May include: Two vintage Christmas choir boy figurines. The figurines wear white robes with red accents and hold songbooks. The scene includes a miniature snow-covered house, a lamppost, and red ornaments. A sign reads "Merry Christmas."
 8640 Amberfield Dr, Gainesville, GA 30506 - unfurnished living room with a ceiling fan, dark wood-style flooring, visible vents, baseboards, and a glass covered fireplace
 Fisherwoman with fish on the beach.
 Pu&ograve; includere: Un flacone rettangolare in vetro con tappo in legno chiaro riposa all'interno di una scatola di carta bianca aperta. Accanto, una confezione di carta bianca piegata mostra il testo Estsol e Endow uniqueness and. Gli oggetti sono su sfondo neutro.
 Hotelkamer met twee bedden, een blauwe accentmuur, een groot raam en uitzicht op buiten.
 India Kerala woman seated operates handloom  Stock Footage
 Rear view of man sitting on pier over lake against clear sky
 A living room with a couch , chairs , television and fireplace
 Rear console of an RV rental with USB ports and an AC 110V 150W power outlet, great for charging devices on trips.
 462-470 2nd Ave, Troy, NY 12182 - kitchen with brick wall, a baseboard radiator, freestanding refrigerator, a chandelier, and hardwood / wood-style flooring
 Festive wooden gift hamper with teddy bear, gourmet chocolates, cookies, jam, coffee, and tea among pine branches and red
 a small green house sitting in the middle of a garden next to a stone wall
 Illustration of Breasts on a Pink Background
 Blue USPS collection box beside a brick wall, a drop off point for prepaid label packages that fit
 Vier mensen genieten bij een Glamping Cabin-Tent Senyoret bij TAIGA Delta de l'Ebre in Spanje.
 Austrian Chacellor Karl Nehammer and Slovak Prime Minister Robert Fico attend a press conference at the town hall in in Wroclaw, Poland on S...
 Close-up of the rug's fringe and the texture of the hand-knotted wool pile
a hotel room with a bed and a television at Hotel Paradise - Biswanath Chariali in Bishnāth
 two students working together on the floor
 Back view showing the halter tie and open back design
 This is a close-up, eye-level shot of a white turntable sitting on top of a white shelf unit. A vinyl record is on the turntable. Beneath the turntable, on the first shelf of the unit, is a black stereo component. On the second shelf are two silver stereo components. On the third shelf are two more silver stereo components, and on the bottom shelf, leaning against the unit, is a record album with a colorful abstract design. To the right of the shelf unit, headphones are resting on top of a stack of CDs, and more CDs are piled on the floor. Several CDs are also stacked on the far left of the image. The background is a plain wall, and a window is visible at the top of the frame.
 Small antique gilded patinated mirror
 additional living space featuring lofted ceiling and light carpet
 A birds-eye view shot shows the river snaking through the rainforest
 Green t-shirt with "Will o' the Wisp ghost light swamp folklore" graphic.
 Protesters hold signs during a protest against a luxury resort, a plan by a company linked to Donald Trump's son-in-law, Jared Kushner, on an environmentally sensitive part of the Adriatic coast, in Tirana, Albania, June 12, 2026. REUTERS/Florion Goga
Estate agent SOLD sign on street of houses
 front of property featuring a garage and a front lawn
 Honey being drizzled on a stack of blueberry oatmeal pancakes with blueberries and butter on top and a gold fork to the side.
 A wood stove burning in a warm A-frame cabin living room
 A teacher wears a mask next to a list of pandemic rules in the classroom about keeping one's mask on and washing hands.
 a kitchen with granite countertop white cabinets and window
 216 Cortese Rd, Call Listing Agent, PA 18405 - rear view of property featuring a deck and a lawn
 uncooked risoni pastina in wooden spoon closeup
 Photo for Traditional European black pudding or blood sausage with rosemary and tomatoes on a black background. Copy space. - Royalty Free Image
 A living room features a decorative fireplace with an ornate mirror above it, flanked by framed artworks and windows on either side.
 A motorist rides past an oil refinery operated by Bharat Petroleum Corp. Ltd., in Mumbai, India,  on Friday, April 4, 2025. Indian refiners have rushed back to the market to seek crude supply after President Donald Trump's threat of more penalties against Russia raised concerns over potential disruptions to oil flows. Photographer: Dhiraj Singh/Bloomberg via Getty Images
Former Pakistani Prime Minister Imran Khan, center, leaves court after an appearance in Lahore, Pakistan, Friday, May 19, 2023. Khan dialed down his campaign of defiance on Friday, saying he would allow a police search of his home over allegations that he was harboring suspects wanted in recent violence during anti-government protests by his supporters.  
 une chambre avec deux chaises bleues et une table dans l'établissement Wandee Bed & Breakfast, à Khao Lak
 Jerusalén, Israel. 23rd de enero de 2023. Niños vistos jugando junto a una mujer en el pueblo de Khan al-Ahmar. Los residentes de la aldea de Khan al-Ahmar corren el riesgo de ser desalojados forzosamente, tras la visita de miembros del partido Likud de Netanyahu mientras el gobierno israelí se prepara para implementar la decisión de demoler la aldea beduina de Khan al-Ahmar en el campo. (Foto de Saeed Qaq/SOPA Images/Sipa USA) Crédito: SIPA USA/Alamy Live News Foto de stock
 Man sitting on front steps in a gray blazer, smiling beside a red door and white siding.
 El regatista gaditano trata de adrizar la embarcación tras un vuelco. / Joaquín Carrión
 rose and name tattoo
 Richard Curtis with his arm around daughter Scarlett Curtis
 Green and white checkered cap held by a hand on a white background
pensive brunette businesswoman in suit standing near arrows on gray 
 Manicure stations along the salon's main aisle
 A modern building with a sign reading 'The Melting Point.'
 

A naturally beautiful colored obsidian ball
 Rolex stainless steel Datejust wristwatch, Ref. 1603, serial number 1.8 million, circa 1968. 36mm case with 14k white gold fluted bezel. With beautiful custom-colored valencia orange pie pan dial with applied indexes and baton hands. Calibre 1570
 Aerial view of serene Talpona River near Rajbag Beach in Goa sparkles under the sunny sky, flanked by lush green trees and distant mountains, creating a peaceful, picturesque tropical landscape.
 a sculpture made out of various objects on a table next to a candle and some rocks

=====

▶ [Task description] Write out all the records above again, exactly as they stand.

▶ [Output for this task]
May include: Two vintage Christmas choir boy figurines. The figurines wear white robes with red accents and hold songbooks. The scene includes a miniature snow-covered house, a lamppost, and red ornaments. A sign reads "Merry Christmas."
 8640 Amberfield Dr, Gainesville, GA 30506 - unfurnished living room with a ceiling fan, dark wood-style flooring, visible vents, baseboards, and a glass covered fireplace
 Fisherwoman with fish on the beach.
 Pu&ograve; includere: Un flacone rettangolare in vetro con tappo in legno chiaro riposa all'interno di una scatola di carta bianca aperta. Accanto, una confezione di carta bianca piegata mostra il testo Estsol e Endow uniqueness and. Gli oggetti sono su sfondo neutro.
 Hotelkamer met twee bedden, een blauwe accentmuur, een groot raam en uitzicht op buiten.
 India Kerala woman seated operates handloom  Stock Footage
 Rear view of man sitting on pier over lake against clear sky
 A living room with a couch , chairs , television and fireplace
 Rear console of an RV rental with USB ports and an AC 110V 150W power outlet, great for charging devices on trips.
 462-470 2nd Ave, Troy, NY 12182 - kitchen with brick wall, a baseboard radiator, freestanding refrigerator, a chandelier, and hardwood / wood-style flooring
 Festive wooden gift hamper with teddy bear, gourmet chocolates, cookies, jam, coffee, and tea among pine branches and red
 a small green house sitting in the middle of a garden next to a stone wall
 Illustration of Breasts on a Pink Background
 Blue USPS collection box beside a brick wall, a drop off point for prepaid label packages that fit
 Vier mensen genieten bij een Glamping Cabin-Tent Senyoret bij TAIGA Delta de l'Ebre in Spanje.
 Austrian Chacellor Karl Nehammer and Slovak Prime Minister Robert Fico attend a press conference at the town hall in in Wroclaw, Poland on S...
 Close-up of the rug's fringe and the texture of the hand-knotted wool pile
a hotel room with a bed and a television at Hotel Paradise - Biswanath Chariali in Bishnāth
 two students working together on the floor
 Back view showing the halter tie and open back design
 This is a close-up, eye-level shot of a white turntable sitting on top of a white shelf unit. A vinyl record is on the turntable. Beneath the turntable, on the first shelf of the unit, is a black stereo component. On the second shelf are two silver stereo components. On the third shelf are two more silver stereo components, and on the bottom shelf, leaning against the unit, is a record album with a colorful abstract design. To the right of the shelf unit, headphones are resting on top of a stack of CDs, and more CDs are piled on the floor. Several CDs are also stacked on the far left of the image. The background is a plain wall, and a window is visible at the top of the frame.
 Small antique gilded patinated mirror
 additional living space featuring lofted ceiling and light carpet
 A birds-eye view shot shows the river snaking through the rainforest
 Green t-shirt with "Will o' the Wisp ghost light swamp folklore" graphic.
 Protesters hold signs during a protest against a luxury resort, a plan by a company linked to Donald Trump's son-in-law, Jared Kushner, on an environmentally sensitive part of the Adriatic coast, in Tirana, Albania, June 12, 2026. REUTERS/Florion Goga
Estate agent SOLD sign on street of houses
 front of property featuring a garage and a front lawn
 Honey being drizzled on a stack of blueberry oatmeal pancakes with blueberries and butter on top and a gold fork to the side.
 A wood stove burning in a warm A-frame cabin living room
 A teacher wears a mask next to a list of pandemic rules in the classroom about keeping one's mask on and washing hands.
 a kitchen with granite countertop white cabinets and window
 216 Cortese Rd, Call Listing Agent, PA 18405 - rear view of property featuring a deck and a lawn
 uncooked risoni pastina in wooden spoon closeup
 Photo for Traditional European black pudding or blood sausage with rosemary and tomatoes on a black background. Copy space. - Royalty Free Image
 A living room features a decorative fireplace with an ornate mirror above it, flanked by framed artworks and windows on either side.
 A motorist rides past an oil refinery operated by Bharat Petroleum Corp. Ltd., in Mumbai, India,  on Friday, April 4, 2025. Indian refiners have rushed back to the market to seek crude supply after President Donald Trump's threat of more penalties against Russia raised concerns over potential disruptions to oil flows. Photographer: Dhiraj Singh/Bloomberg via Getty Images
Former Pakistani Prime Minister Imran Khan, center, leaves court after an appearance in Lahore, Pakistan, Friday, May 19, 2023. Khan dialed down his campaign of defiance on Friday, saying he would allow a police search of his home over allegations that he was harboring suspects wanted in recent violence during anti-government protests by his supporters.  
 une chambre avec deux chaises bleues et une table dans l'établissement Wandee Bed & Breakfast, à Khao Lak
 Jerusalén, Israel. 23rd de enero de 2023. Niños vistos jugando junto a una mujer en el pueblo de Khan al-Ahmar. Los residentes de la aldea de Khan al-Ahmar corren el riesgo de ser desalojados forzosamente, tras la visita de miembros del partido Likud de Netanyahu mientras el gobierno israelí se prepara para implementar la decisión de demoler la aldea beduina de Khan al-Ahmar en el campo. (Foto de Saeed Qaq/SOPA Images/Sipa USA) Crédito: SIPA USA/Alamy Live News Foto de stock
 Man sitting on front steps in a gray blazer, smiling beside a red door and white siding.
 El regatista gaditano trata de adrizar la embarcación tras un vuelco. / Joaquín Carrión
 rose and name tattoo
 Richard Curtis with his arm around daughter Scarlett Curtis
 Green and white checkered cap held by a hand on a white background
pensive brunette businesswoman in suit standing near arrows on gray 
 Manicure stations along the salon's main aisle
 A modern building with a sign reading 'The Melting Point.'
 

A naturally beautiful colored obsidian ball
 Rolex stainless steel Datejust wristwatch, Ref. 1603, serial number 1.8 million, circa 1968. 36mm case with 14k white gold fluted bezel. With beautiful custom-colored valencia orange pie pan dial with applied indexes and baton hands. Calibre 1570
 Aerial view of serene Talpona River near Rajbag Beach in Goa sparkles under the sunny sky, flanked by lush green trees and distant mountains, creating a peaceful, picturesque tropical landscape.
 a sculpture made out of various objects on a table next to a candle and some rocks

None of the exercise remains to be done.